By now, regular readers of the Medical Freedom Channel may have gotten used to seeing no new editorial at the top of the page. This is a feeble attempt to remedy that; suffice to say that traveling, other priorities and perhaps even unpredictable weather fluctuations have combined to put this editor in a temporary state of writer’s block: even when I came up with a half-decent topic it never got written.

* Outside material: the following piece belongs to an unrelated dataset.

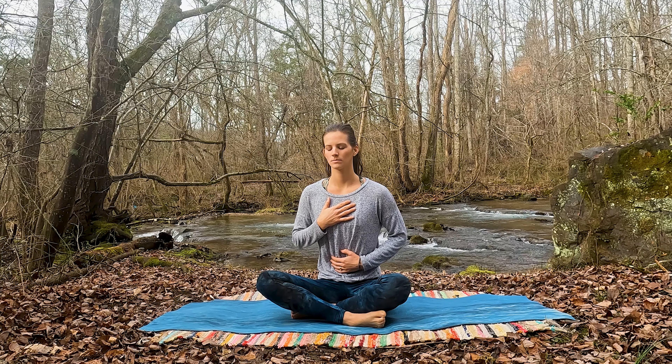Let's begin today seated in an easy seat on the center of our mat, hands just resting on the knees. Or maybe if you'd like, you can move one hand to the low belly, one to the chest.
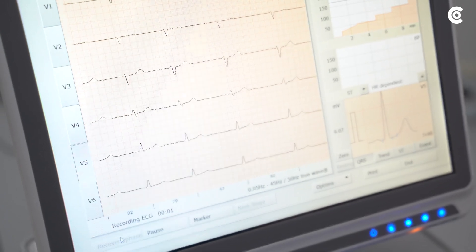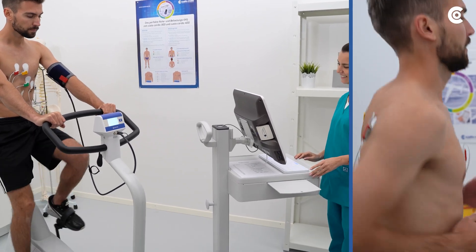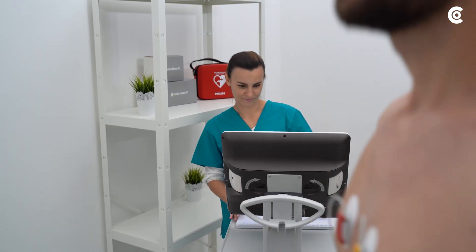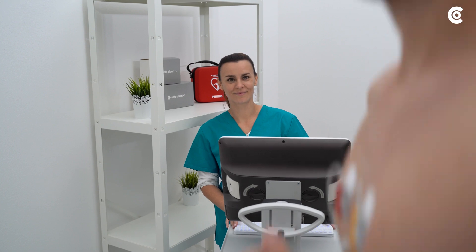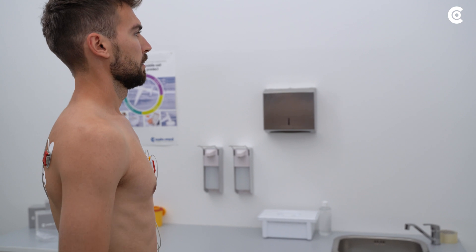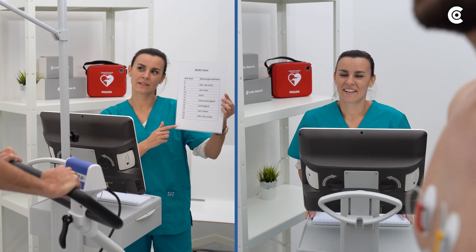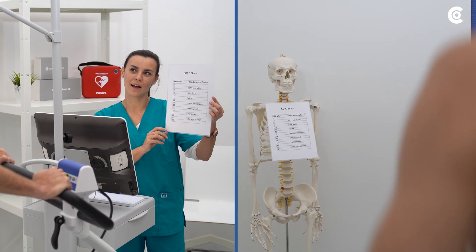Start the examination and guide the patient through the individual phases. Always take care of the patient's condition and values. Interrupt the process with upcoming overload of the cardiovascular system as well as other indications of overstraining. Conduct the interrogation according to the Borg scale during the measurement.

For lack of a better kickoff I guess I’ll tell you about the parts of my week that involved health and wellness issues: On Wednesday, I had a training session for my first try at a new sort of employment, as a Standardized Patient at a local hospital and medical school. I get to simulate the behavior and symptoms of a specific set of ailments and injuries, in an attempt to challenge medical students to improve their skills, both consultative and diagnostic. (I could go into further specific detail but would likely violate confidentiality standards, and I can use this gig.)

On Thursday, I resumed my weekly yoga class, after a two-week hiatus due to the aforementioned journey. It was a challenge in some ways, since I had barely found time or inclination even to stretch into those sorts of positions in the meantime. (Note to self: Start doing these poses at least once a week in between the classes; your legs and arms will thank you!) But gradually, the positions are becoming a little more comfortable to maintain as the weeks go by. I’m already at the point where Down Dog is at least not painful, although it still hardly qualifies as a “resting pose.”